Now, nobody has actually approached me demanding an explanation for why I bothered to read this, but I really wish they would, as I’ve already got my alibi worked out, so I figure it would be a shame not to share it. I’d seen this book on the best-seller rack at the grocery store a few times, and actually managed to avoid giving in to the temptation of paying $9.99 for it. This was mainly because I couldn’t possibly justify spending ten bucks on a paperback. And even though I’ve recently been given some very sound advice from a fellow goodreader “if you wouldn’t buy it a cover price don’t buy it on sale” I hadn’t been clued in to this wisdom when I read Hold Tight and was ecstatic to save $9.49 by picking it up used. What had me intrigued was the whole spyware angle, I was totally sold on a story which vilifies this practice and exposes this software as the devil’s work. This is because my crazy girlfriend has spyware on this very computer, some shit called Specter Pro and a ‘keylogger’, which might be one and the same program, I’m unfortunately about a tenth as computer savvy as she is and I’m not really sure. This has proved to be somewhat inconvenient for a former scoundrel such as myself, and also seems a bit unfair seeing as this is a pretty one-sided deal, as I have no such methods of gathering intelligence on her activity. Now, I should probably confess that I’ve done things in the past which certainly tarnish my standing as a mate, and that a little heightened surveillance is probably warranted, but where this logic fails is assuming that it’s happening on the computer, as none of my actual wrongdoings involved email or instant messaging. What the hell am I going to do, talk all raw and nasty to someone and hump the floppy drive? Even if I did, is that so wrong, hell, that’s a shameful egg on my face, sister. In spite of years of walking the straight and narrow, the stigma lingers, and the Specter Pro remains, utilizing copious amounts of the computer’s memory/RAM stuff and causing it to run slower than a Biggest Loser contestant with diarrhea.
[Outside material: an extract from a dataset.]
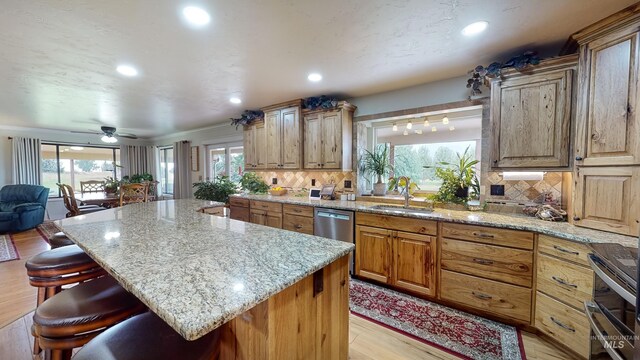 kitchen with decorative backsplash, a breakfast bar, a center island, light stone countertops, and a sink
Everyone I’ve related this story to has asked why I put up with it. And that’s a pretty good question, isn’t trust supposed to be an integral part of a healthy relationship? At the same time, I also seem to see the sense in her assertion that if I have nothing to hide, what’s the big deal? These two points of view have proved irreconcilable over the years, and needless to say, my desire for continued intercourse with her has trumped my moral standings on the issue. Also, I do have to say that if there was anything of a computer-related nature which could have resulted in my behaving badly, constant fear of Big Brother keeps me in line (even though I’m still routinely bitched out at for things, which never ceases to amaze me, such as accepting a Facebook friend invitation from people I’ve never gotten my freak on with).
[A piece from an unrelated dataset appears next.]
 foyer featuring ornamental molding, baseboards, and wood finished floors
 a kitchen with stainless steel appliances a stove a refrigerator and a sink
So, having firsthand experience as a tragic victim of the spyware epidemic begat by insecure significant others and paranoid parents the world over, I thought that I’d have some sort of commonality with this book making it more interesting, but unfortunately, none of my shenanigans were as remarkable as to involve teenage prescription drug abuse and a former black ops agent gone homicidal, only making me feel as if I’m not living my life to its fullest potential.